-- Goal of the exercise --
Look through the entries for the string "Floral", and copy each line that holds it.

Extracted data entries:
* * *
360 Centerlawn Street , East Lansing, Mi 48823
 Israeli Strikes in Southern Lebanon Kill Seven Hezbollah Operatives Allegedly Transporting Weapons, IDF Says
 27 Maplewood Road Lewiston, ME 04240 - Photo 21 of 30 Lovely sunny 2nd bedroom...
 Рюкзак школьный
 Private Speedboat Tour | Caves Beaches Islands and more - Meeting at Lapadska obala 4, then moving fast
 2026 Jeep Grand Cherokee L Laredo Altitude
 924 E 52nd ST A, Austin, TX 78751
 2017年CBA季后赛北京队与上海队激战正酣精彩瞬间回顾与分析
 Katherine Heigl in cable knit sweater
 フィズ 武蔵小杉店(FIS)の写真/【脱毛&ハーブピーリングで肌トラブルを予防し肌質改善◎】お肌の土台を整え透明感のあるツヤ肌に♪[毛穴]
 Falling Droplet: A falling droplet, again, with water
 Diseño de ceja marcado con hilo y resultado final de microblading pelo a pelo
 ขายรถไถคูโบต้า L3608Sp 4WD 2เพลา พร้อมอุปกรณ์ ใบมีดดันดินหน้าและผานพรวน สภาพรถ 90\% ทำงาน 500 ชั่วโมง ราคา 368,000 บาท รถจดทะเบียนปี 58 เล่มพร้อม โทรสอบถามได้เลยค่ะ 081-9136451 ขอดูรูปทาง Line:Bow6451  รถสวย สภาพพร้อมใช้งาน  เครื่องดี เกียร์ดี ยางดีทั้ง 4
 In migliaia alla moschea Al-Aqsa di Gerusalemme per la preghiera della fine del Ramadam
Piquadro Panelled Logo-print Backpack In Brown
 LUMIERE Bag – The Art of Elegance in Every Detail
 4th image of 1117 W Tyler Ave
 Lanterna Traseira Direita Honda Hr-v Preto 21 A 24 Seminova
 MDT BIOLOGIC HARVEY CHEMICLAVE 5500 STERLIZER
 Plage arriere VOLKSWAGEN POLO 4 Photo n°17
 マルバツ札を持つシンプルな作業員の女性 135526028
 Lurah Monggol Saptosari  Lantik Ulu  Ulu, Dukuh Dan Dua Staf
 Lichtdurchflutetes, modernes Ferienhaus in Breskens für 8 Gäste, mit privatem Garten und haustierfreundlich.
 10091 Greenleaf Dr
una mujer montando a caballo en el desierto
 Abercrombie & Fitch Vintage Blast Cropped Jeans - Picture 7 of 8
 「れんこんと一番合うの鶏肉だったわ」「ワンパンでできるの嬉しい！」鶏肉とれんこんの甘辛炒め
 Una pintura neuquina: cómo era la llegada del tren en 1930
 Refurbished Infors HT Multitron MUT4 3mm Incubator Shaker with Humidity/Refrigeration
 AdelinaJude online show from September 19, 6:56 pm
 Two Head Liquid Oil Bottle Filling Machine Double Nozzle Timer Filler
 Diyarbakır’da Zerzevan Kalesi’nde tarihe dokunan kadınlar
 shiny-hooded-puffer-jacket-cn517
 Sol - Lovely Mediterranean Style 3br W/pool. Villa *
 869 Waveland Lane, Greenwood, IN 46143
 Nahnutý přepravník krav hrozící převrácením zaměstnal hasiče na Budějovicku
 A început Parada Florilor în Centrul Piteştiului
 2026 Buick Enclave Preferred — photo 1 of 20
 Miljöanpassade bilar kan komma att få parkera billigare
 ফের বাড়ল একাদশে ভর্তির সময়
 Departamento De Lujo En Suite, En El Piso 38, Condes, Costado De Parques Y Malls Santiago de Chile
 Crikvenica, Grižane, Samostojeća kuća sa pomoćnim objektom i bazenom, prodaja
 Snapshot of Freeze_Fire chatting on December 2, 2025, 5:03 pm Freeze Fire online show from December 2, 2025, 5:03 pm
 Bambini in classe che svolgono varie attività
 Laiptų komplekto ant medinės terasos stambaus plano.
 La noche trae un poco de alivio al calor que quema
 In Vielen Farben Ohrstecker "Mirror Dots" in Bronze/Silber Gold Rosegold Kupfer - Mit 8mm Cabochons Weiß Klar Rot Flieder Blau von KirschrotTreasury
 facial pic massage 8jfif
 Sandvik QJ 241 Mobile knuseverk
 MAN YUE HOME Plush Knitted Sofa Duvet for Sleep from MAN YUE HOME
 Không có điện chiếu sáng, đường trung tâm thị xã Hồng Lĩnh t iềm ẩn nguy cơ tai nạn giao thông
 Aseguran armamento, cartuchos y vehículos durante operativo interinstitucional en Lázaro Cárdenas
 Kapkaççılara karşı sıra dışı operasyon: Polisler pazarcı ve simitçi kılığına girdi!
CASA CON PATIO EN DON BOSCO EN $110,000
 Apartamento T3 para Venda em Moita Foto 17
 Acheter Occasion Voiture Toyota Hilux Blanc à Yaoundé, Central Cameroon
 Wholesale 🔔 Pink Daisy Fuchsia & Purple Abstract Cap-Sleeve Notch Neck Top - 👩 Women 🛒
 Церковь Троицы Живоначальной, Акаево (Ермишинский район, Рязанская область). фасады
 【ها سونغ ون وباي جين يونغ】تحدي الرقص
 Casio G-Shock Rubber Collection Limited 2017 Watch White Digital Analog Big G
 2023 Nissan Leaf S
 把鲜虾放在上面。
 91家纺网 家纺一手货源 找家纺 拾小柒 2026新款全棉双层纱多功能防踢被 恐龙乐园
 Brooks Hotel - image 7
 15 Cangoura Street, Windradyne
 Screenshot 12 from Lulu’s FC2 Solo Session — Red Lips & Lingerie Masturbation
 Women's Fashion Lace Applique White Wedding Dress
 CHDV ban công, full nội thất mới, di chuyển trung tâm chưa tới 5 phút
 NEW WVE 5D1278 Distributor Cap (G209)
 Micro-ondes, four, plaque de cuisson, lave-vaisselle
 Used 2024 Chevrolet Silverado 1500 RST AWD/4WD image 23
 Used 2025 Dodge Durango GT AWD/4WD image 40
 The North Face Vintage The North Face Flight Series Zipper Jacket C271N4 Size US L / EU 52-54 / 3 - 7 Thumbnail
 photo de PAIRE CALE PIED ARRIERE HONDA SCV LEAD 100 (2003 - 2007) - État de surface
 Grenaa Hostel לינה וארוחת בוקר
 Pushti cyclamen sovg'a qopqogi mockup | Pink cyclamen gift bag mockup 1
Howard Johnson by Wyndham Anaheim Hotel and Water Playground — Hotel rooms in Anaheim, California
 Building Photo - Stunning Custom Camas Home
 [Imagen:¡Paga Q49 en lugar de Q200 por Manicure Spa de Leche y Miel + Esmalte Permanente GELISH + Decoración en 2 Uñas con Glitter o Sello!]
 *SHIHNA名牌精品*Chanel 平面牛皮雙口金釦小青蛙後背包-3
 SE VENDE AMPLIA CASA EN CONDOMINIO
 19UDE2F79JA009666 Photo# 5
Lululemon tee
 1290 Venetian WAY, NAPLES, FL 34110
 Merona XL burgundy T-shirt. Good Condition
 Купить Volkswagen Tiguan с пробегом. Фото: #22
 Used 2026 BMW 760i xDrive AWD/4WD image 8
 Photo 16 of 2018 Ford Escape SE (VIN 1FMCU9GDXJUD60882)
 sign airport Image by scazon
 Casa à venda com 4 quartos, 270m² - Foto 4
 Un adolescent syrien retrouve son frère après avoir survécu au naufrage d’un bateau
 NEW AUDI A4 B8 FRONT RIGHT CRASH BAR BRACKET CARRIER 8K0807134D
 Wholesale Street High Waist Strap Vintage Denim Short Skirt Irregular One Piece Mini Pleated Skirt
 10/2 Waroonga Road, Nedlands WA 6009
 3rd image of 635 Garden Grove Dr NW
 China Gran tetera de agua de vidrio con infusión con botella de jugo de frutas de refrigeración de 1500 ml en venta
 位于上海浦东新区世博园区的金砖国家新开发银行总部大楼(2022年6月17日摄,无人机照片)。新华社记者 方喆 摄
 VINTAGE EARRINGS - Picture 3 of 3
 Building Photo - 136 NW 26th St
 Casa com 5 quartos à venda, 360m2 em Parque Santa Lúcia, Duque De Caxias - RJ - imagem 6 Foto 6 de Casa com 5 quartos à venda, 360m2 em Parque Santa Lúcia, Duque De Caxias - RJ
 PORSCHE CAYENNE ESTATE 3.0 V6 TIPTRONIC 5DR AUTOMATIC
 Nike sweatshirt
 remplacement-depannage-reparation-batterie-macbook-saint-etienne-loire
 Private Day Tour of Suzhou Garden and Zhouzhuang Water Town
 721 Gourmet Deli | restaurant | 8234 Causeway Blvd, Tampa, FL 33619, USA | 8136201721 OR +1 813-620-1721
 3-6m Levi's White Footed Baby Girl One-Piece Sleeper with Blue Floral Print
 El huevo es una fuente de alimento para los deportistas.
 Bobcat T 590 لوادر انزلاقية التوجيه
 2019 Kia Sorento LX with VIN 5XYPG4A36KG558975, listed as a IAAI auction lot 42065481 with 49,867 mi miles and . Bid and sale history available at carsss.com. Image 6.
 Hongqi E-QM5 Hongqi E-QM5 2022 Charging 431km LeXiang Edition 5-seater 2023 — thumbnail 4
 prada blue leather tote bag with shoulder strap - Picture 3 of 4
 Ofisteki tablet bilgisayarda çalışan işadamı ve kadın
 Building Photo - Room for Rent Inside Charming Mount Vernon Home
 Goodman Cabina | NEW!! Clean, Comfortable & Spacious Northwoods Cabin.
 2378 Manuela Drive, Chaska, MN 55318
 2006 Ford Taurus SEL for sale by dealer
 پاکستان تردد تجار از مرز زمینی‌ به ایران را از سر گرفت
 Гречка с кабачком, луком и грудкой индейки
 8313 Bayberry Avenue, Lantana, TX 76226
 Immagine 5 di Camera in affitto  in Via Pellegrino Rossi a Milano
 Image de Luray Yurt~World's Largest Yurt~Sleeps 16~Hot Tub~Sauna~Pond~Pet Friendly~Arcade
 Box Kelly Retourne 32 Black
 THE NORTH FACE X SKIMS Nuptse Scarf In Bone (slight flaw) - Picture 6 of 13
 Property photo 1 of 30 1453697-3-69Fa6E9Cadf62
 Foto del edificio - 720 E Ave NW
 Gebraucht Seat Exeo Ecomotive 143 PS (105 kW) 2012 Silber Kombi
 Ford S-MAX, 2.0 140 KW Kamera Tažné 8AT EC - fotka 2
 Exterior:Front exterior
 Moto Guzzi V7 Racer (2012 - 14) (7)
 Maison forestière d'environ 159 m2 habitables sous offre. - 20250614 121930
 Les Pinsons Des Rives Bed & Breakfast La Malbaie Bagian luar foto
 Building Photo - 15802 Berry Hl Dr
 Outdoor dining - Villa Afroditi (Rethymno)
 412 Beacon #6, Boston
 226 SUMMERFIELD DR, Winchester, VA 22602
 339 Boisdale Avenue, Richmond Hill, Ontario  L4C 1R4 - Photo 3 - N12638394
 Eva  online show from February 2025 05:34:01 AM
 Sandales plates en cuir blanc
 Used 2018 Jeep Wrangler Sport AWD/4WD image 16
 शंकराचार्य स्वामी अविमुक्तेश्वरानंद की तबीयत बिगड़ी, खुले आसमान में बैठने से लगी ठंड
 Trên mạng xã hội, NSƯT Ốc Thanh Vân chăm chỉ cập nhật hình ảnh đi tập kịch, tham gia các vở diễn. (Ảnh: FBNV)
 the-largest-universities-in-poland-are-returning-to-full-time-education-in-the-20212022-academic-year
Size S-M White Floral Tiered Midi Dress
* * *
-- Response below --
 3-6m Levi's White Footed Baby Girl One-Piece Sleeper with Blue Floral Print
Size S-M White Floral Tiered Midi Dress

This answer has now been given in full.